The Prime Minister Boris Johnson has told the Post Office that lessons need to be learned, after a bug with its Horizon computer system ruined people’s lives.
On Friday thirty nine sub-postmasters who were wrongly prosecuted by the Post Office had their criminal convictions overturned, Sky News reported.
This has opened the door for more legal action against the Post Office and its long-running dispute with postal staff over errors in Fujitsu’s Horizon IT system.
The entire case centres over the use of the Horizon accounting system, which has been in place since 1999 and records transactions across Post Office branches.
Alleged mistakes with Horizon caused sub-postmasters to be wrongly accused of fraud, and many were told to pay back supposedly missing funds or face prosecution.
The problem became a political issue in 2009, when reports surfaced of sub-postmasters who had received heavy fines or jail terms for alleged false accounting, which they said resulted from problems with Horizon.
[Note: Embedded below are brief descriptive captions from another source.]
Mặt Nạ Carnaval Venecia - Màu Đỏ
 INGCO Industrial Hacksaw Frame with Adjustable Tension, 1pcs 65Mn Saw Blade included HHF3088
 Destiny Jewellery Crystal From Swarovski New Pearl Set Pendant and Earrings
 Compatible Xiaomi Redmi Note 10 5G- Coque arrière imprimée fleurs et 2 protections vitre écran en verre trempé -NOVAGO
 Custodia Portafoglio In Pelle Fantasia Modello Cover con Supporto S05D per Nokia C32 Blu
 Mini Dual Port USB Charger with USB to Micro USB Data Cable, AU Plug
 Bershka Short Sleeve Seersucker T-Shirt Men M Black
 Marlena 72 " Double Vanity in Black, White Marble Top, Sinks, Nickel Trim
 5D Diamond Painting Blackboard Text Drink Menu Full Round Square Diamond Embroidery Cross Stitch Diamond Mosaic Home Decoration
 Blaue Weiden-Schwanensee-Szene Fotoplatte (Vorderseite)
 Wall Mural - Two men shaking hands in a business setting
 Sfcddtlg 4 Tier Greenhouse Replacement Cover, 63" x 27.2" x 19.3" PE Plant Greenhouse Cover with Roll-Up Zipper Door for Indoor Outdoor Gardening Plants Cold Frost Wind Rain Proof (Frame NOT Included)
Thousands of sub-postmasters independently operate smaller post offices, and are obliged to make up shortfalls out of their own pockets.
In 2011, 85 sub-postmasters sought legal support in claims against the Post Office after being wrongly accused of taking money.
In later years this figure rose to 550 sub-postmasters suing the Post Office.
What made matters worse, was that the Post Office always argued that there is no evidence of systemic problems with Horizon, but set up the mediation scheme in 2013 after independent investigators found defects in the software.
In 2014 more than 140 MPs said they could no longer support the Post Office’s mediation scheme after numerous complaints about Horizon.
A total of 960 convictions linked to the scandal were reviewed, in what was dubbed the biggest miscarriage of justice in UK history.
Then in December 2019 the Post Office agreed to pay almost £58 million as part of a settlement after legal action by sub-postmasters after they were wrongly accused of taking money.
But most of that money went on legal costs.
And then it surfaced in June 2020, that bosses at the Post Office has been told as far back as 2011 that Horizon could be to blame for missing money, but it still pursued prosecutions against staff anyway, with hundreds of postmasters sacked, going bankrupt or wrongfully convicted.
And now this week convictions against 39 sub postmasters have been overturned.
The appellants, some of whom were jailed for crimes they never committed, had been accused of theft and false accounting.
In court, Sam Stein QC, the barrister representing several sub-postmasters, said the scandal had turned the Post Office “into the nation’s most untrustworthy brand”.
The barrister who led that civil claim called today’s judgement an “incredible victory” that could pave the way for more substantial compensation, Sky News reported.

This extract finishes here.